1

I am trying to parallelize a function inside a pool using the multiprocessing module, but I run into the error:

daemonic processes are not allowed to have children

More specifically, I am using emcee module which makes use of the multiprocessing module for parallelization, and I would like to parallelize my posterior function as well to speed up the calculations. Is there a way to parallelize a function inside the main Pool in this case?

Edit (code added):

# defines the log-posterior probability distribution
def logp(p):

    mu_imf, mu_h0, sigma_h, b_h = p
    
    logpost = np.zeros(ngal, dtype='longdouble')
    
    for i in range(ngal):
        logpost[i] = np.log(quad(lambda m_halo: Integrand(m_halo, i, mu_imf, mu_h0, sigma_h, b_h), 11.9, 15.0107)[0])
        
    return np.sum(logpost) 

with Pool() as pool:
    sampler = emcee.EnsembleSampler(nwalkers, npars, logp, pool=pool)

1 Answers1

2

In general you don't want to do that. Parallelising parallel processes can explode very quickly. It also is likely not much quicker, as there is an overhead in spinning up a new process.

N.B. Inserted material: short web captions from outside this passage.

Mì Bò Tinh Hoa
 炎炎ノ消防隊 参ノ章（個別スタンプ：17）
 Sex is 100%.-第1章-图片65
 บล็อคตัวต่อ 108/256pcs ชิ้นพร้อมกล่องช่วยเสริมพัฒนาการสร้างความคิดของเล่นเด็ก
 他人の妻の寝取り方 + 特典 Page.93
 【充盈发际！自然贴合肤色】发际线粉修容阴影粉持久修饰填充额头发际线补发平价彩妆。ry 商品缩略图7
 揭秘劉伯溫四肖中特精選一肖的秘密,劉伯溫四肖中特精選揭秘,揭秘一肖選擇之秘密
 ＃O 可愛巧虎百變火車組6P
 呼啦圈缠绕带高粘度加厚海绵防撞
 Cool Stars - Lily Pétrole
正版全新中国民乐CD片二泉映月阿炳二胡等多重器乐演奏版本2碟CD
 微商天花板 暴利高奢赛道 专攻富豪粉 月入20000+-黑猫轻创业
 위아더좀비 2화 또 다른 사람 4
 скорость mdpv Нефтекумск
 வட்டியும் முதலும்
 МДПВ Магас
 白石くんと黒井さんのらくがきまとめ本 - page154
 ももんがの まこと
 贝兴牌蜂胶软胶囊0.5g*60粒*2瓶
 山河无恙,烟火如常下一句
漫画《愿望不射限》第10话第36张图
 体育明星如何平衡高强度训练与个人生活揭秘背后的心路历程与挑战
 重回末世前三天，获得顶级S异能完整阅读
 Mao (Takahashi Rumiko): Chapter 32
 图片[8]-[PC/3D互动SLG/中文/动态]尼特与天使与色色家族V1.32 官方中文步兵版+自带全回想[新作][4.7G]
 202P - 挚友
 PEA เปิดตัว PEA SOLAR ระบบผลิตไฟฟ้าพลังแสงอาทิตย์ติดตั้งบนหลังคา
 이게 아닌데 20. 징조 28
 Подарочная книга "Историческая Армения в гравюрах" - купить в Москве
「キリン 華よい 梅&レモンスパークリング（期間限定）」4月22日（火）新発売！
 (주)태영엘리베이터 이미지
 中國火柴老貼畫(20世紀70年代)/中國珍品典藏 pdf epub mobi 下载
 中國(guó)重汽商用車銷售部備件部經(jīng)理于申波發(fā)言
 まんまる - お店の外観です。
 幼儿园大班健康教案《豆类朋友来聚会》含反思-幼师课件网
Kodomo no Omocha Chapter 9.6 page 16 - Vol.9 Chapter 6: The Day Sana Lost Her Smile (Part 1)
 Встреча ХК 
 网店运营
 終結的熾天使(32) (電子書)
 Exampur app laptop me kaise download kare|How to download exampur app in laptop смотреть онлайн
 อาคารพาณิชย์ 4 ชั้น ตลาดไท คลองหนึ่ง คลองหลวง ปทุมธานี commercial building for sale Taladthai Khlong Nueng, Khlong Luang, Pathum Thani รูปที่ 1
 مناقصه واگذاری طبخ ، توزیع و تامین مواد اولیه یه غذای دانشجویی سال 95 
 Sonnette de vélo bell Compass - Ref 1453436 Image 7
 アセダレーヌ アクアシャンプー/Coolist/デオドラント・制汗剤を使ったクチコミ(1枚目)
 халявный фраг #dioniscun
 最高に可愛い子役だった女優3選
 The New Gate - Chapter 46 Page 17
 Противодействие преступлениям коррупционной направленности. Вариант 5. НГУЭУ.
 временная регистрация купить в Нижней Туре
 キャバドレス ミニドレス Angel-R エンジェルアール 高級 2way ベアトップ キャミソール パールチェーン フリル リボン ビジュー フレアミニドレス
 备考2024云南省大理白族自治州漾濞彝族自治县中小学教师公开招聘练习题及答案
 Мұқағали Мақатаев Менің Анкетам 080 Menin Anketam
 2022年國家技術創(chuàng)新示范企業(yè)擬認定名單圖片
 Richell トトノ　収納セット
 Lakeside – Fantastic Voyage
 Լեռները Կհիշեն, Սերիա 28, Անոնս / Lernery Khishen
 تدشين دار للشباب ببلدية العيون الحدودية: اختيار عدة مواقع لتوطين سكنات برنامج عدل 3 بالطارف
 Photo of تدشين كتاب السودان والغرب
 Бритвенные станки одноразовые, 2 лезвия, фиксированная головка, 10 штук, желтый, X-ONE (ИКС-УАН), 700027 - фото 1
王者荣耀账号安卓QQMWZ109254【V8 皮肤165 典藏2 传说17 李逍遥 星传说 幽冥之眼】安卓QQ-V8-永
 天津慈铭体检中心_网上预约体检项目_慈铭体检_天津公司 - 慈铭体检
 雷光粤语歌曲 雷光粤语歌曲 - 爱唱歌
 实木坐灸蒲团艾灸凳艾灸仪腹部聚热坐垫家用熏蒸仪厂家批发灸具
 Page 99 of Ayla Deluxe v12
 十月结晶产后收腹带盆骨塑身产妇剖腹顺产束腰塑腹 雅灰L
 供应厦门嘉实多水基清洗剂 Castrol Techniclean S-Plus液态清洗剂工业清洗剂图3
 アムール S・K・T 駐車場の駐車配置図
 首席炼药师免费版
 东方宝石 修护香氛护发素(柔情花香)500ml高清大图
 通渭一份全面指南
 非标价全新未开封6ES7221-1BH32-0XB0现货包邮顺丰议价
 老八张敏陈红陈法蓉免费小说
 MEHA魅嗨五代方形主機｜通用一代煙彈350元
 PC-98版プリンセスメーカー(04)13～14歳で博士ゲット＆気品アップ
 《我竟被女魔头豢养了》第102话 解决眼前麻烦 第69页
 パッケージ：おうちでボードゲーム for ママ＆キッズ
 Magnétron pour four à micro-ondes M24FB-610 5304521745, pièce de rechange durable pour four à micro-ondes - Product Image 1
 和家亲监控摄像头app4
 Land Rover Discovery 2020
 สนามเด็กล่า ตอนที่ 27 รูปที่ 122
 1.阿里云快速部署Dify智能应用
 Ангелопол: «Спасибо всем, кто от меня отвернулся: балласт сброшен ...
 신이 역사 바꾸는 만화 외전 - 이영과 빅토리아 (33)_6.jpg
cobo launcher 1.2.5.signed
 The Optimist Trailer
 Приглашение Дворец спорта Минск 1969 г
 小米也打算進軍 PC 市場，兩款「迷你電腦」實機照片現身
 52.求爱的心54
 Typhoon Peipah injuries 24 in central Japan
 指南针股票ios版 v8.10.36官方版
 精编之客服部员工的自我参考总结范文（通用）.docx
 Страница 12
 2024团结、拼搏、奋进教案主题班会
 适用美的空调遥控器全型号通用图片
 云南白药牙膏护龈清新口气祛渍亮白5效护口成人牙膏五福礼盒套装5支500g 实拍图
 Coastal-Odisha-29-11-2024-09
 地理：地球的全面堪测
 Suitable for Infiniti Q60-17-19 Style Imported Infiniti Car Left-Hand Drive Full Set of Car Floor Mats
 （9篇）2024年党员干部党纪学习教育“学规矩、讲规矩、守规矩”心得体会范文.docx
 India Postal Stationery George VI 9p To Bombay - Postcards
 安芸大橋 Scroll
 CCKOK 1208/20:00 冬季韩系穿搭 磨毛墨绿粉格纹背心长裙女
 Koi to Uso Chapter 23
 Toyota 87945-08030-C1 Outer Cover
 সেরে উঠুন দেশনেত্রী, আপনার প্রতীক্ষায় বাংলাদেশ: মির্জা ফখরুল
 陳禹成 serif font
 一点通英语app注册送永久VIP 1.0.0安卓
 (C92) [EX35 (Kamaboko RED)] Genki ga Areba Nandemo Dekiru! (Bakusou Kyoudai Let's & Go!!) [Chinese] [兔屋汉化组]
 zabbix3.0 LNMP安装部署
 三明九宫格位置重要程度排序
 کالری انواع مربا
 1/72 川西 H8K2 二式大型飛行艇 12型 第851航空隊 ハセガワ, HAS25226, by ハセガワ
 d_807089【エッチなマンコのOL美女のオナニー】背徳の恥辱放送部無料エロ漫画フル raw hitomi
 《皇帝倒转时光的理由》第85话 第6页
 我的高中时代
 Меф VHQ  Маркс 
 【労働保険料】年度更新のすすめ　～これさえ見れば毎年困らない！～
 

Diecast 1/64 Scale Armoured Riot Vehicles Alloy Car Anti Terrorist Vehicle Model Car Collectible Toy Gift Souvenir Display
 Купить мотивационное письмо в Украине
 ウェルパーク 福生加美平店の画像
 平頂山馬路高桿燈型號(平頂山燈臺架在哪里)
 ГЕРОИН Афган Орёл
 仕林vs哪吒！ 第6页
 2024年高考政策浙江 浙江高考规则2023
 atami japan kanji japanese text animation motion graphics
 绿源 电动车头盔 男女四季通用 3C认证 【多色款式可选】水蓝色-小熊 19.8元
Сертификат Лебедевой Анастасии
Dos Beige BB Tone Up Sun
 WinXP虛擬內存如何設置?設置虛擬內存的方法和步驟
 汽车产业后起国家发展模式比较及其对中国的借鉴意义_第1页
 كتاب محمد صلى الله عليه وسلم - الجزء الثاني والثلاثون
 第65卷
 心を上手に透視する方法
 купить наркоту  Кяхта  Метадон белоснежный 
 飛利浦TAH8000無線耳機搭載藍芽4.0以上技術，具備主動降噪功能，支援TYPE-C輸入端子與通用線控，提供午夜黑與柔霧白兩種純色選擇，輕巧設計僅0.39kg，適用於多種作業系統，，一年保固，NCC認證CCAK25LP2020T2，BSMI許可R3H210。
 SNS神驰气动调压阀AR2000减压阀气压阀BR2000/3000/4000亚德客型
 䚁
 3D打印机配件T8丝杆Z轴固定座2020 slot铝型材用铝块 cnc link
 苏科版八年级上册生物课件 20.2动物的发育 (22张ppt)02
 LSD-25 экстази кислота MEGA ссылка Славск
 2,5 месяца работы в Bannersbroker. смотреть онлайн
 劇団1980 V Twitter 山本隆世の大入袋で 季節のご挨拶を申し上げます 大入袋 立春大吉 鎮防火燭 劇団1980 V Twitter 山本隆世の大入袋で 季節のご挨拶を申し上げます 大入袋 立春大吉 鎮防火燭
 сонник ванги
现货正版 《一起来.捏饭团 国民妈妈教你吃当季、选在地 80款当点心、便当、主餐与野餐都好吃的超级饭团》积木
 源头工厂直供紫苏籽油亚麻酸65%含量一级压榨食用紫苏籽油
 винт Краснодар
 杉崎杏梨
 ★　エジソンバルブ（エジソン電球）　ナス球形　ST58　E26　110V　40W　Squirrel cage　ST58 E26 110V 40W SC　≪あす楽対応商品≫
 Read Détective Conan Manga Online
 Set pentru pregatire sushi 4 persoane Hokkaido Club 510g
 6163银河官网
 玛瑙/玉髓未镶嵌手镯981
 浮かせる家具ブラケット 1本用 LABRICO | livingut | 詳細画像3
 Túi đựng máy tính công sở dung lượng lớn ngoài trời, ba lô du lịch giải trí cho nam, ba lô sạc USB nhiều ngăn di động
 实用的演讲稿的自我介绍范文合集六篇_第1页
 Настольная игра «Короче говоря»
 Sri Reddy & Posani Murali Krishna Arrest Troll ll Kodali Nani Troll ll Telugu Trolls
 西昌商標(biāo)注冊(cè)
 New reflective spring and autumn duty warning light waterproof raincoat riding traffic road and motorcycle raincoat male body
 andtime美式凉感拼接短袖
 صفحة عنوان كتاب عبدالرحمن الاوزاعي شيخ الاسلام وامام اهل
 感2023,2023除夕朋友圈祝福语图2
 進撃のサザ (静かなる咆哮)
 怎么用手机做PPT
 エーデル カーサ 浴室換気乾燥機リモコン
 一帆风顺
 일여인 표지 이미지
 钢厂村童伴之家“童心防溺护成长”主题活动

Rather than trying to parallelise everything at once, parallelise in two steps. First generate all the emcee tasks you are interested in, and parallelise your processing, as in the docs. Then aggregate your results to a queue, and map your posterior function over that.

I.e., rather than having your current setup, parallelising this:

def do_work(**params):
    some_results = do_emcee_call_in_parallel(**params)
    do_stuff_with_some_results(some_results)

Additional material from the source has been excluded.